Los pueblos latinoamericanos conocen mucho de este incierto destino; la mayoría, por haberse enfrentado a algunas de las peores y más crueles dictaduras, seguidas por intentos de reconstruir el tejido institucional. Sin embargo, estos arrestos de cambio son tolerados únicamente cuando no pretenden cambiar de manera rotunda las reglas del juego, pero sobre todo si no representan la amenaza de establecer auténticos proyectos de independencia. Los esfuerzos ciudadanos, traducidos en protestas callejeras y organización de sectores sociales inconformes con el estatus y con el desempeño de las autoridades, resultan en música disonante en los oídos de quienes poseen las riendas del poder y también todos los medios para acallarla.

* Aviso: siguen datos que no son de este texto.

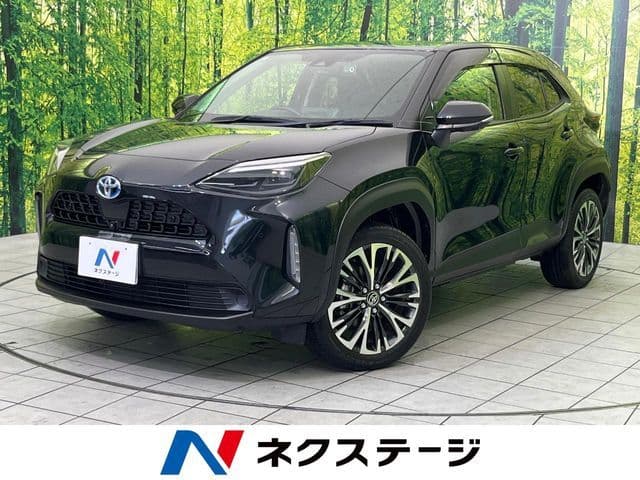 TOYOTA YARIS CROSS HYBRID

Si nuestros países estuvieran seriamente caminando por las “vías del desarrollo”, sería impensable la indiferencia de los sectores político y económico ante la real situación de las grandes mayorías. En apariencia, algunas naciones del continente poseen un estatus privilegiado por sus impresionantes cifras y su posición en algunos de los más importantes indicadores socio económicos. Pero en realidad, detrás del maquillaje solo existe un abismo profundo de inequidad, discriminación y miseria en donde están reflejados los auténticos índices, aquellos que jamás remontarán sin la abolición de las estructuras que hoy impiden a las capas más desfavorecidas salir de la pobreza.
El sacrificio de vidas humanas en la búsqueda de nuevos horizontes para los pueblos se estrella una y otra vez contra un esquema diseñado y fortalecido por los grandes capitales internacionales, con el férreo soporte de los gobiernos del primer mundo. Los sueños de independencia, por lo tanto, no tienen la menor oportunidad de consolidarse mientras esas estructuras no lo permitan. La manera como se engaña a los pueblos con medidas cosméticas de gobiernos espurios, cuya obediencia a consignas ajenas a los intereses nacionales es, más que una traición a la patria, un retroceso histórico a sus esperanzas de desarrollo, incomprensiblemente se ha transformado en un estilo de gobierno.
Ante esta realidad, el Sísifo que llevamos dentro decide salir a las calles para ofrecer sus flancos a la fuerza brutal de los cuerpos represivos y termina por sacrificar su integridad sólo para comprobar cómo le han engañado con el espejismo de la voluntad popular. Una y otra vez vuelve a la carga y, una y otra vez, la verdad le estalla en la cara. Los cambios indispensables para reparar los inmensos vacíos de la autoridad ciudadana no dependen de las redes de poder insertas en las instituciones, sino de su completo reemplazo por un contingente político y jurídico ético y comprometido con el cambio. En otras palabras –esas que a muchos provocan escalofríos- para retomar la ruta de la democracia, se necesita romper las estructuras e iniciar una auténtica revolución, una vuelta de tuerca a la política nefasta que nos gobierna.